Years from now, “Scandal” will not be remembered for its realism or substance. It will most likely be commemorated more for popularizing the phenomenon of live-tweeting. In an age of DVR and streaming platforms, “Scandal” revived appointment television. This massive popularity, though, in hindsight, led to its decline in quality. Subtly and metered build-up were substituted for overt moments easily translatable to Twitter. It’s unfortunate that “Scandal” in all of its campiness will be memorialized as trivial fare when, in actuality, its first two seasons were solid television. So today, I would like to revisit “Scandal” and give it a proper eulogy highlighting key moments through its rise, its peak and, of course, its demise.

The Rise: “The Trail” (Season 1, Episode 6)  

As I settled in to watch the first season, it took a very brief five minutes to come to the understanding that my confident assertions to non-fans that “Scandal”’s first two seasons were as good as “House of Cards” were as revisionist as a U.S. History class. It had been a while since I had seen the first season, and in my efforts to preserve the sanctity and reputation of my Lord, showrunner Shonda Rhimes, I essentially reimagined a typical ABC primetime drama as gritty, high-quality television. “Scandal” has always been a soap opera, but upon my second viewing, I have realized that this is not necessarily a negative — I still was on the edge of my seat. Early “Scandal” mastered the art of the soapy drama, lacking in true substance, but never surrendering entertainment value. The episode that best illustrates this mastery is “The Trail.”

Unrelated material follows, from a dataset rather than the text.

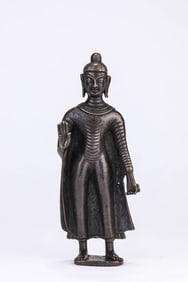 A Tibetan Guge-Style Alloy Bronze Shakyamuni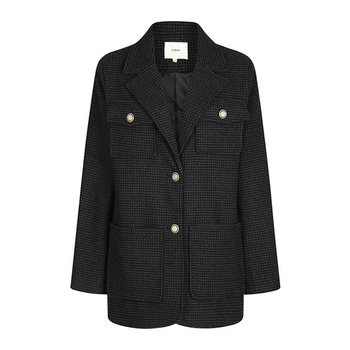 썬쿠 울혼방 체크 아웃포켓 자켓 SN71DXJKS17X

This episode, largely told through flashbacks, takes viewers two years into the past to the early days of Grant’s presidential campaign. Pope has recently joined the team and is already making waves by proposing major changes to the team. This episode does work on two planes. By connecting the flashback to the present narrative seen in the five episodes preceding it, viewers are treated to much-needed exposition about characters’ pasts as well as insight into how character relationships began. In addition to this, we also receive evidence of Pope’s political brilliance. In earlier episodes, her characterization was direct — other characters merely talked about how great Pope was — but in “The Trail” we are able to see her single-handedly remodel Grant’s campaign for the better.

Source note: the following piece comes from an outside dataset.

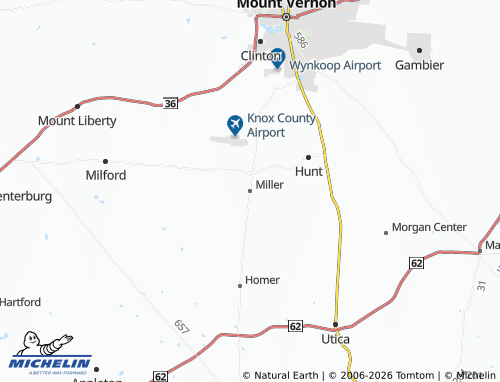 Carte MICHELIN Miller - ViaMichelin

But all of these positives pale in comparison to the centerpiece of the episode: Grant and Pope’s budding affair. The episode draws on the curiosity of viewers wondering how these two became entangled. The explanation given was well worth the wait. In the beginning, “Scandal” knew how to draw out the star-crossed romance of Grant and Pope. The two were at their best when the audience knew they wanted each other, but couldn’t have each other because of some tangible force wedging them apart. At this point, it made sense: He was her boss, he was married, he was running for office. There was no way. This was “Scandal” at its best because there was a sense that it knew what kind of show it was. It was a soap opera, so it was going to be the best damn soap opera it could be.

The Peak: “A Woman Scorned” (Season 2, Episode 20)

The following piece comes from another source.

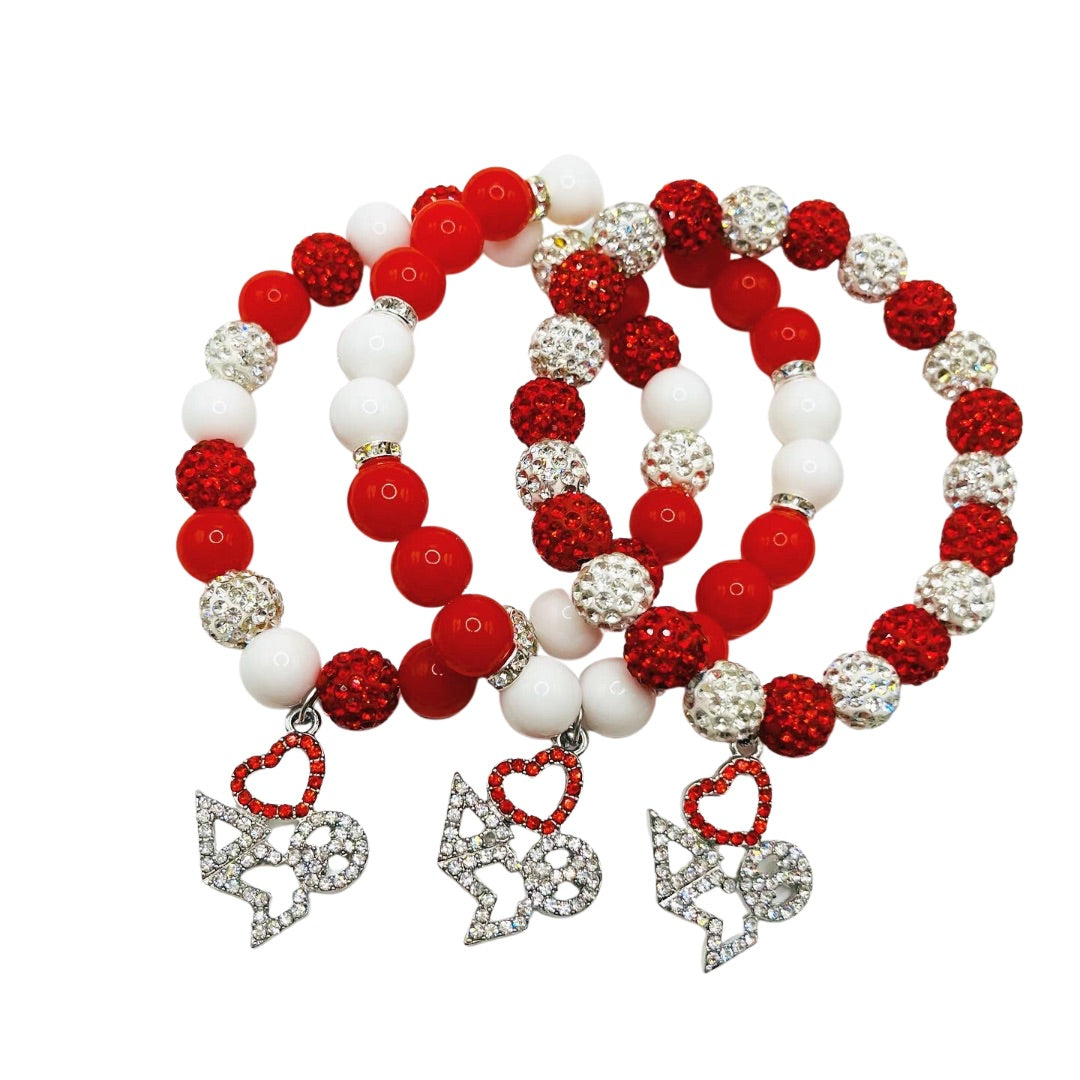 Delta Love Charm Bracelet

While I have always recalled in general terms the decline in “Scandal” post-season two, upon re-watching, I finally saw how clear “Scandal”’s demise appeared on the horizon as season two drew to a close. Two episodes before the season finale, the show had reached its apex — the writers had squeezed everything out of the plot that they could. In abandoning the procedural format at the beginning of season two, the show took on two very dynamic arcs: the fallout from the revelation of the rigging at Defiance and the hunt to find the mole revealing White House secrets.

As the finale drew nigh, it became very clear that there was not a surplus of realistic places to take the plot for the following season. And with the formerly minuscule subplot of B613 encroaching on the central plot, the future of the show was sealed. In addition to this slow burn towards impracticality, in hindsight, the decision to reveal Pope and Grant’s affair to the world this early on was also a grave misfire. As aforementioned, the show was at its best in teasing out the clandestine affair between the two and the factors in their lives that keep them apart. One key factor that forced them apart was that neither one of their inner circles knew much (or anything) about the affair. As anyone on Ashley Madison will tell you, affairs get a whole lot less sexy when other people begin to find out.

In “A Woman Scorned,” First Lady Mellie threatens to reveal their affair to America on national news; Grant calls her bluff by simply deciding to abdicate the presidency for Pope. Spoiler alert: Mellie doesn’t go through with it — completely. And just like that, the show shifted before my eyes. Grant almost gave up everything for Pope. Willingly. From this moment on, the car has run out of gas and there’s nowhere to go. If he almost gave up the presidency for Pope, the audience knew that he would do anything for her, thus the potential suspense drawn out of this dynamic is now moot. All of the tension of the “chase” has disappeared. What kind of soap opera is this?

The Demise: “Run” (Season 4, Episode 10)

The competition was stiff in deciding which episode of “Scandal” was bad enough to denote its transition from waning quality to the entry into the madness that defined its final seasons. After much deliberation, it became clear that no episode did this better than “Run.” Although later seasons proved the show could include wackier plotlines, “Run” earns the title simply because it is the forefather, the trailblazer of trash. For many die-hard “Scandal” fans, this was the first time they openly questioned what the hell was happening to the show they had come to love. The episode does not boast much of a plot, but what it lacks in this respect, it compensates for in a surplus of sequences in which Kerry Washington is sweaty, panting and screaming.  In “Run,” Pope has been kidnapped and used as ransom in a larger scheme orchestrated by Vice President Andrew Nichols in order to blackmail Grant into declaring war on Angola. It hurt me to type that. Shonda, baby, what were you thinking?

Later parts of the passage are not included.